Qwen 3.6 + vLLM + Docker + 2x RTX 3090 setup, working great!
Posted by Zyj@reddit | LocalLLaMA | View on Reddit | 18 comments
Our nonprofit association has an AI server with 2x RTX 3090 and I finally switched over to vLLM to get better performance for multiple users.
Here's my docker compose file:
services:
vllm:
image: vllm/vllm-openai:latest
container_name: vllm
deploy:
resources:
reservations:
devices:
- driver: nvidia
count: all
capabilities: [gpu]
environment:
- VLLM_API_KEY=my_very_secret_key_was_scrubbed
volumes:
- /opt/.cache/huggingface:/root/.cache/huggingface
ports:
- "8000:8000"
ipc: host # Prevents shared memory bottlenecks during tensor parallelism
command: >
--model cyankiwi/Qwen3.6-35B-A3B-AWQ-4bit
--tensor-parallel-size 2
--max-model-len 65536
--gpu-memory-utilization 0.85
--enable-prefix-caching
--reasoning-parser qwen3
--enable-auto-tool-choice
--tool-call-parser qwen3_coder
--max-num-seqs 32
--speculative-config '{"method":"qwen3_next_mtp","num_speculative_tokens":2}'
restart: unless-stopped
I'm super happy with it, but if you have suggestions for improvements, let me know!
Here are my llama-benchy results:
| model | test | t/s | peak t/s | ttfr (ms) | est_ppt (ms) | e2e_ttft (ms) |
|---|---|---|---|---|---|---|
| cyankiwi/Qwen3.6-35B-A3B-AWQ-4bit | pp2048 @ d2000 | 5463.38 ± 111.87 | 748.82 ± 14.93 | 741.48 ± 14.93 | 748.93 ± 14.93 | |
| cyankiwi/Qwen3.6-35B-A3B-AWQ-4bit | tg32 @ d2000 | 103.13 ± 22.06 | 112.49 ± 24.41 | |||
| cyankiwi/Qwen3.6-35B-A3B-AWQ-4bit | pp2048 @ d32768 | 5178.25 ± 25.55 | 6731.33 ± 33.06 | 6724.00 ± 33.06 | 6731.41 ± 33.05 | |
| cyankiwi/Qwen3.6-35B-A3B-AWQ-4bit | tg32 @ d32768 | 25.65 ± 1.43 | 27.93 ± 1.52 | |||
| cyankiwi/Qwen3.6-35B-A3B-AWQ-4bit | pp2048 @ d63000 | 4534.72 ± 42.10 | 14353.15 ± 133.93 | 14345.82 ± 133.93 | 14353.26 ± 133.94 | |
| cyankiwi/Qwen3.6-35B-A3B-AWQ-4bit | tg32 @ d63000 | 12.85 ± 3.50 | 14.45 ± 3.21 |
ddog661@reddit
Do you also use something like open webUI?
Zyj@reddit (OP)
Sure
Nepherpitu@reddit
Very strange results. My 4x3090 running 122B AWQ at 115tps with drop to 85tps at 200K context size. 12 tps is way too slow.

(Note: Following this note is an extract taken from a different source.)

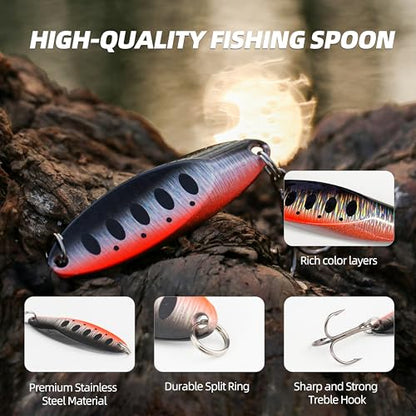 Jigging Spoon Fishing Lures, Slant Cut Metal Spoon with Glow, High Flash, Sharp Treble Hooks, Precision Wobble for Bass, Trout, Pike & Walleye - color: New10PCS, size: 1/4oz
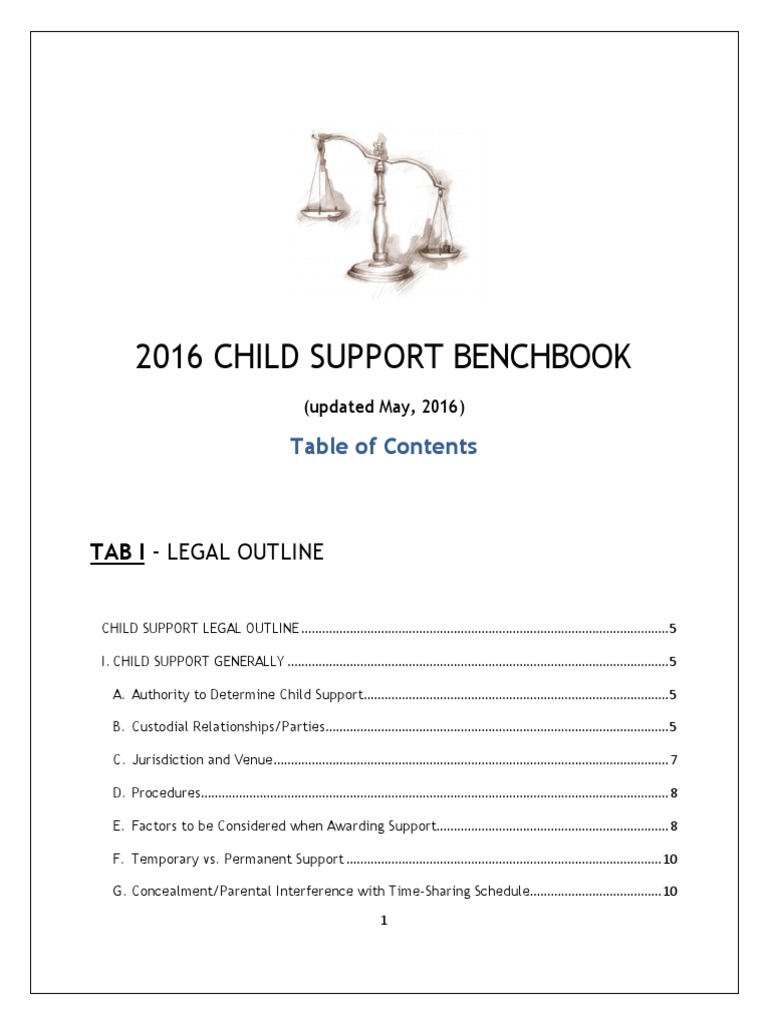 Child Support Benchbook Legal Outline PDF Child Support Father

No-Refrigerator-1672@reddit
OP is running tesor parallel. If they are using consumer mobo, mostl likely their second GPU is limited on PCIe lanes, which hits TP mode hard, expecially with growing context. Tensor Parallel is only usable with full x16 PCIe 4.0 to both GPUs, or NVLink. I would recommend switching to pipeline parallel.
TacGibs@reddit
Fake news : TP is working great with at least 4x PCIe 4.0 (around 95% of 16x performances).
Got 4*3090 in 4x PCIe 4.0, and before that it was 2 3090 in 8x : absolutely no real differences (maybe 1 or 2%) between 8x and 4x for 2 GPU usage.
There's also detailed tests and benchmarks with 4 GPU, just search a bit.
Zyj@reddit (OP)
Did you enable P2P?
Zyj@reddit (OP)
I'm running it on TR Pro with 7 PCIe 4.0 x16 slots.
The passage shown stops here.